News: Risk of cardiovascular issues higher in patients with long COVID

CDI Strategies - Volume 16, Issue 24

Cardiovascular complications, such as pulmonary embolism, arterial and venous thromboses, myocardial infarction, and stroke, are found to be higher in patients with post-acute sequelae of SARC-CoV-2 (PASC), or “long COVID,” according to the American Academy of Physical Medicine and Rehabilitation’s (AAPM&R) consensus statement.

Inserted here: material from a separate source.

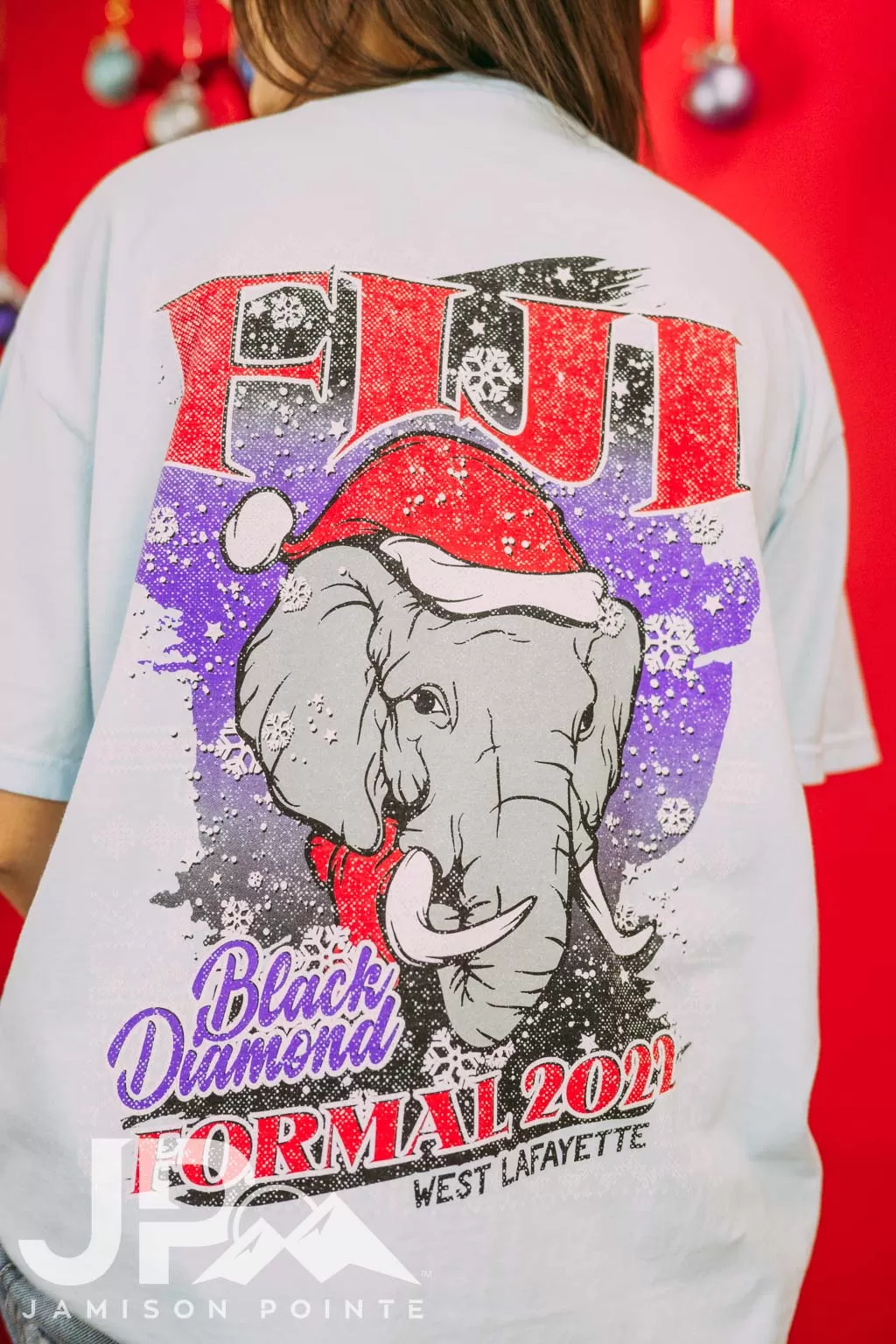 Fiji Black Diamond Formal Elephant Tshirt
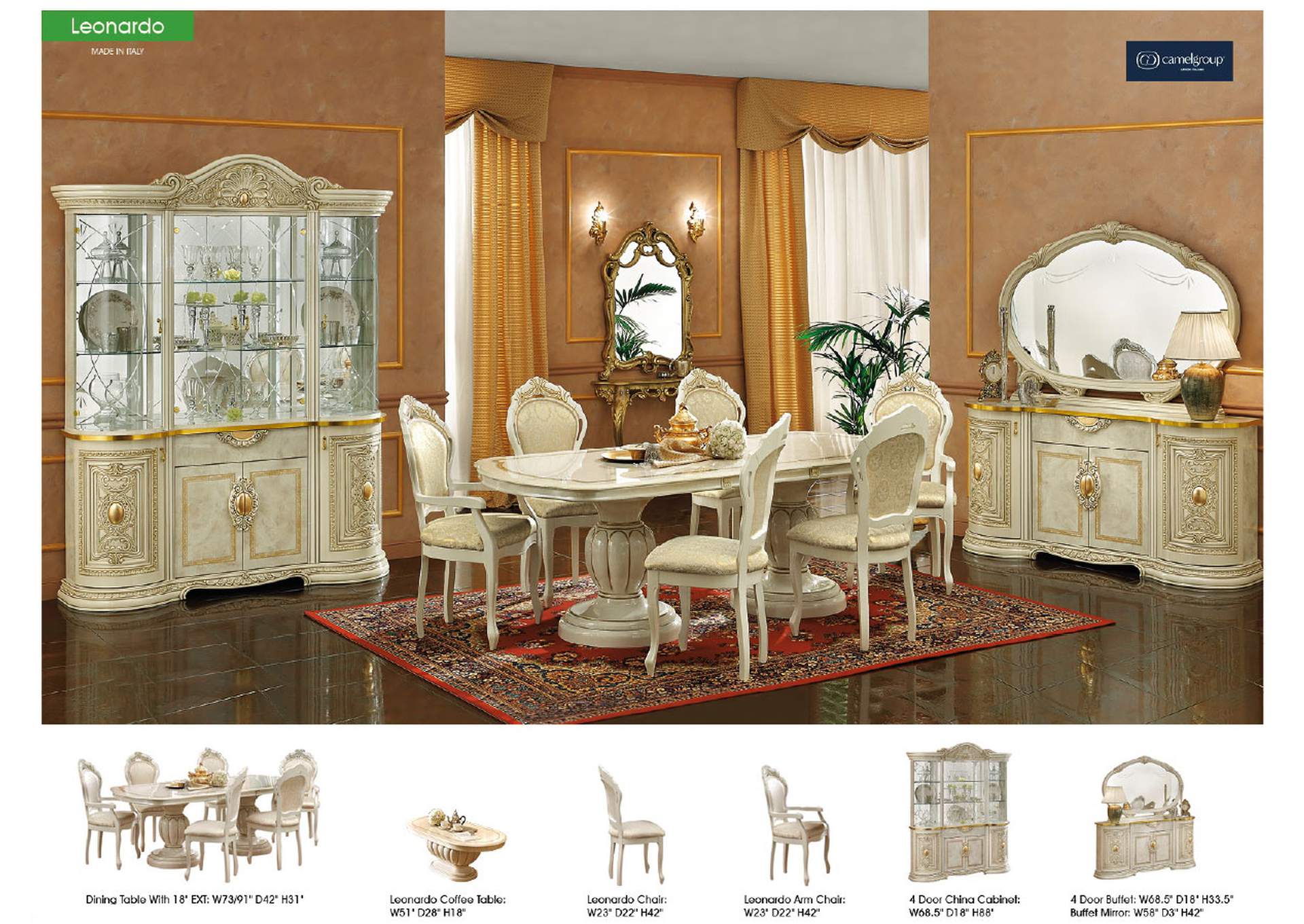 Leonardo Dining Table SET image 3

Considering 5-29% of COVID-19 survivors report cardiovascular symptoms months after their recovery, this highlights the need for clinicians to have greater awareness of such conditions, MedPage Today reported.

AAPM&R released the consensus statement to help increase awareness as well as share collective knowledge from across medical fields so that providers are better able to identify long COVID. It recommends that physicians more vigilantly watch for cardiovascular problems and even cardiovascular disease caused by long COVID. Patients with no history of such complications in particular should be monitored.  

The team behind the statement advised that healthcare professionals receive better education on the likelihood of developing long COVID, the expected systems versus the clinical red flags, and the heterogeneity of long COVID symptoms, to name a few. "I think the future will entail a state where we are talking about COVID as a risk factor," said lead author Jonathan Whiteson, MD, of NYU Langone Health in New York City, in a press release for the statement. "If someone has had COVID, they may develop cardiovascular disease even in the absence of other risk factors, so look carefully and interpret symptoms cautiously because it's not something you want to miss."

Specific symptoms Whiteson and team noted are shortness of breath, fatigue, chest pain, palpitations, dizziness, abdominal bloating, leg swelling, and reduced tolerance for exercise or activity. They recommended taking a full patient history, noting the cardiac complaints, and making use of testing such as electrocardiograms, echocardiograms, cardiac stress tests, and standard lab tests. If the patient is experiencing severe complications (such as arrhythmias, coronary artery disease, ventricular dysfunction, etc.), it is recommended providers refer them to a specialist or a rehabilitation center.